EXCERPTED DATA.

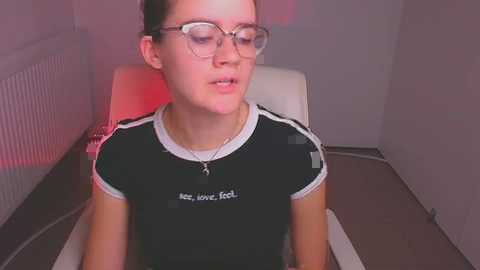 Media: Video of a young woman with light skin, glasses, and dark hair in a black athletic shirt with white trim, seated on a white chair in a dimly lit room with red lighting.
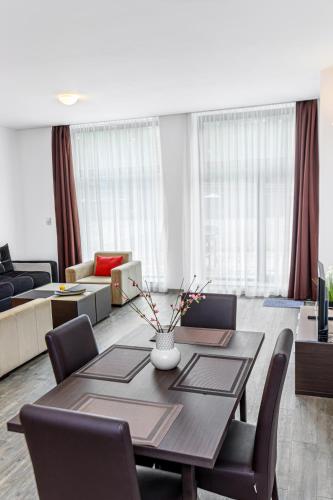 a living room with a table and a couch at Alpine Escape Studio - Silver Mountain Resort & SPA - Poiana Brasov in Poiana Brasov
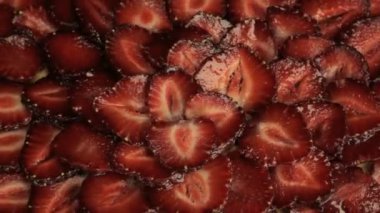 Pek çok kırmızı dilim taze çilek, hızla döner saat yönünün tersine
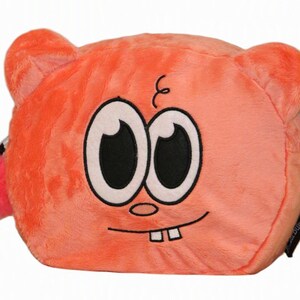 Op de afbeelding: Een oranje pluche etui met een cartoongezicht met grote witte ogen, zwarte pupillen, een kleine neus en twee zichtbare tanden. Het etui heeft afgeronde oren en een felroze pompon bevestigd aan de ritssluiting aan de zijkant.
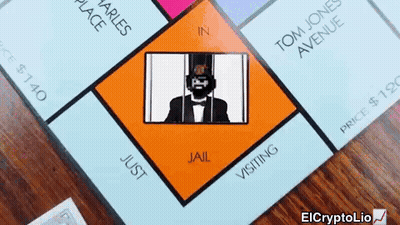 A Monopoly Board With A Picture Of A Man In Jail On It GIF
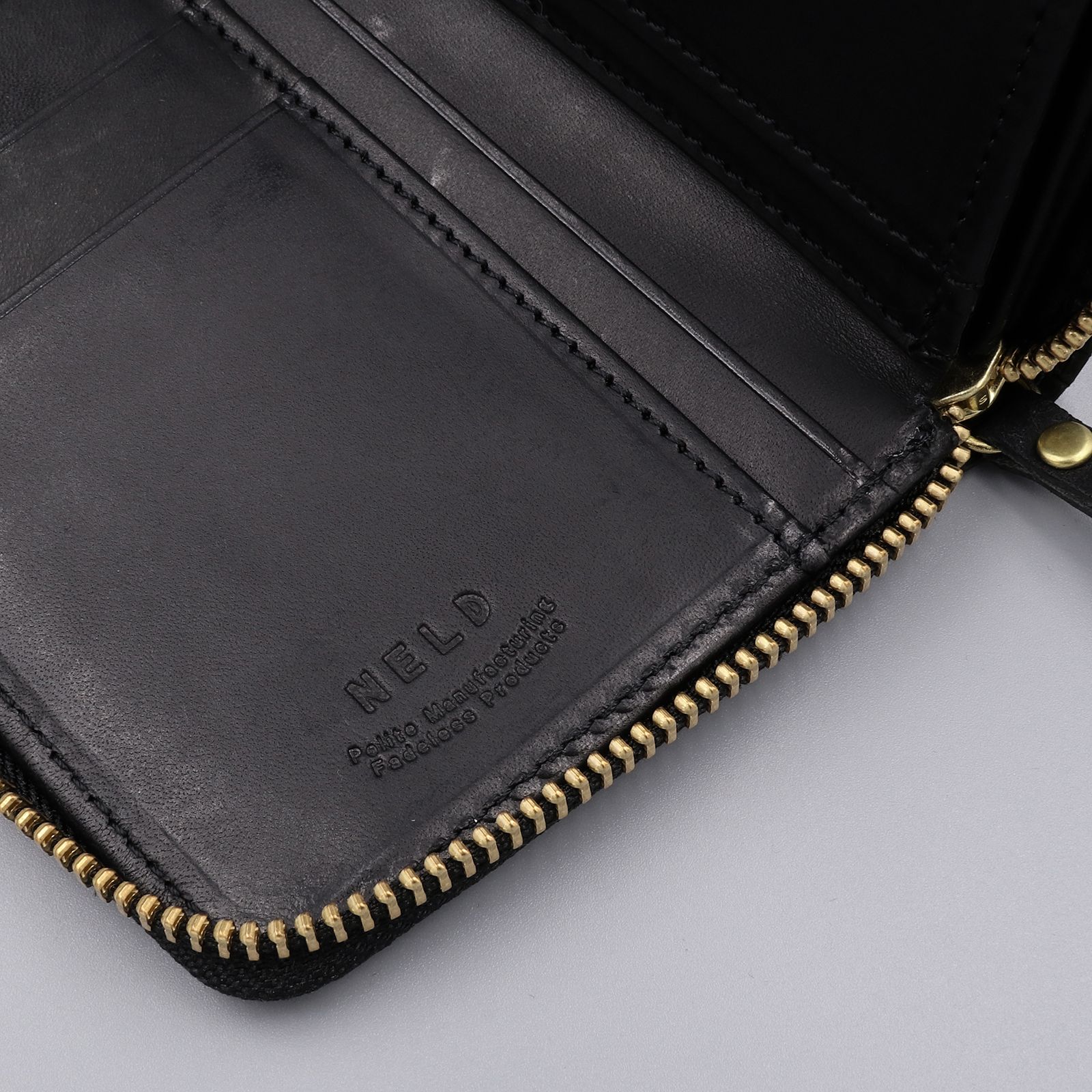 「LIZARD」ラウンド長財布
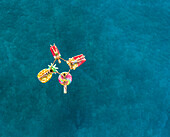 Aerial view of women in bikinis holding hands on inflatable mattresses on Atokos island, Greece.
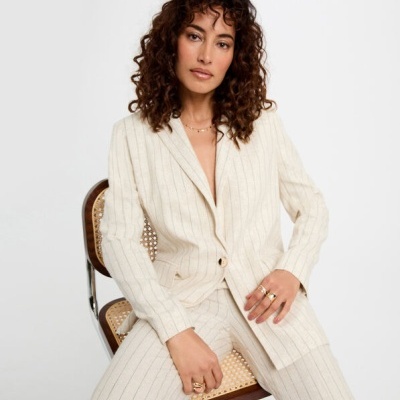 Conjunto feminino creme com riscas verticais, blazer e calças, sentado numa cadeira de madeira com palhinha.
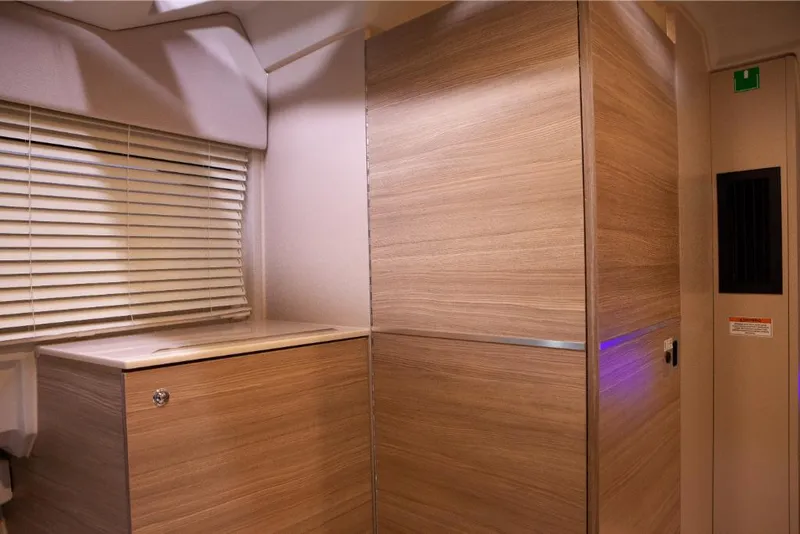 Slide: The Image of Interior of 2023 Saxdor 320 GTO with wooden cabinetry and window blinds. - 43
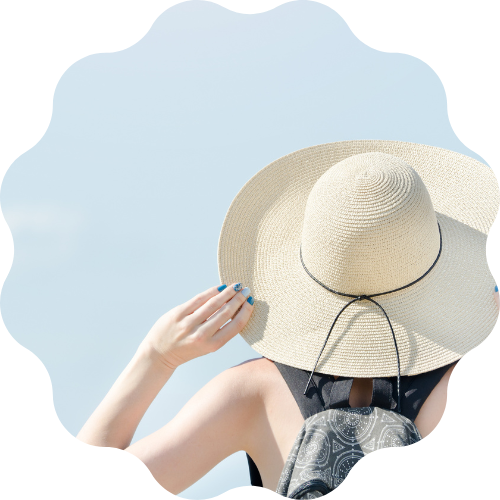 かぶっている麦わら帽子に手を当てている後ろ向きの女性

THE PROBLEM. Only the lines from the one containing "Pek çok kırmızı" through the last line of the material should be returned, exactly and without pictures.

YOUR SOLUTION.
 Pek çok kırmızı dilim taze çilek, hızla döner saat yönünün tersine
 Op de afbeelding: Een oranje pluche etui met een cartoongezicht met grote witte ogen, zwarte pupillen, een kleine neus en twee zichtbare tanden. Het etui heeft afgeronde oren en een felroze pompon bevestigd aan de ritssluiting aan de zijkant.
 A Monopoly Board With A Picture Of A Man In Jail On It GIF
 「LIZARD」ラウンド長財布
 Aerial view of women in bikinis holding hands on inflatable mattresses on Atokos island, Greece.
 Conjunto feminino creme com riscas verticais, blazer e calças, sentado numa cadeira de madeira com palhinha.
 Slide: The Image of Interior of 2023 Saxdor 320 GTO with wooden cabinetry and window blinds. - 43
 かぶっている麦わら帽子に手を当てている後ろ向きの女性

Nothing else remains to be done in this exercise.